Science:Math Exam Resources/Courses/MATH200/April 2012/Question 01 (a)/Solution 1

Let the line L be written in vector form as

${\displaystyle \displaystyle [a_{0},b_{0},c_{0}]+[a_{1},b_{1},c_{1}]t.}$

If L is parallel to the plane 2x + y - z = 5, then L must be perpendicular to the normal vector of said plane, n = [2,1,-1]. i.e. The dot product between n and the direction of L must be equal to zero:

${\displaystyle [2,1,-1]\cdot [a_{1},b_{1},c_{1}]=0.}$

Evaluating the dot product gives:

${\displaystyle \mathbf {(1)} \quad [2,1,-1]\cdot [a_{1},b_{1},c_{1}]=2a_{1}+b_{1}-c_{1}=0}$

Remember that we also need the vector is perpendicular to the line,${\displaystyle [3-t,1-2t,3t]=[3,1,0]+[-1,-2,3]t.}$ Hence, the following equation must also be satisfied:

${\displaystyle \displaystyle \mathbf {(2)} \quad [-1,-2,3]\cdot [a_{1},b_{1},c_{1}]=-a_{1}-2b_{1}+3c_{1}=0}$

So we have two equations and three unknowns.

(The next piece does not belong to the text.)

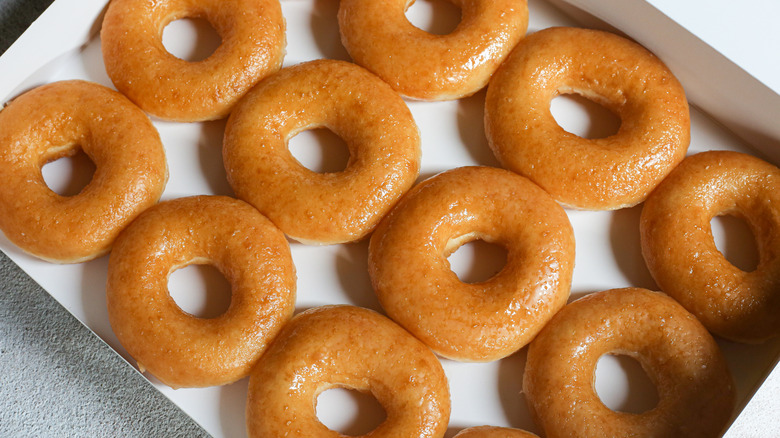 dozen of Krispy Kreme donuts in a box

This means there are infinitely many vectors that will satisfy the given conditions. We only need to find one. (Note: Clearly ${\displaystyle a_{1}=b_{1}=c_{1}=0}$ is a solution to the above equations (1), (2), but it is the trivial solution and is perpendicular to every vector, including the direction of the line L.)

Solving (1) for ${\displaystyle c_{1}}$ gives ${\displaystyle c_{1}=2a_{1}+b_{1}}$. Subbing this into (2) gives

${\displaystyle \displaystyle -a_{1}-2b_{1}+3(2a_{1}+b_{1})=0\quad \rightarrow \quad b_{1}=-5a_{1}.}$

From this we get that ${\displaystyle c_{1}=2a_{1}-5a_{1}=-3a_{1}}$.

Thus, any vector of the form k[1,-5,-3] where k is a constant (not equal to zero) will be parallel to L. For example, the vectors [1,-5,-3] and [-2,10,6] are acceptable solutions.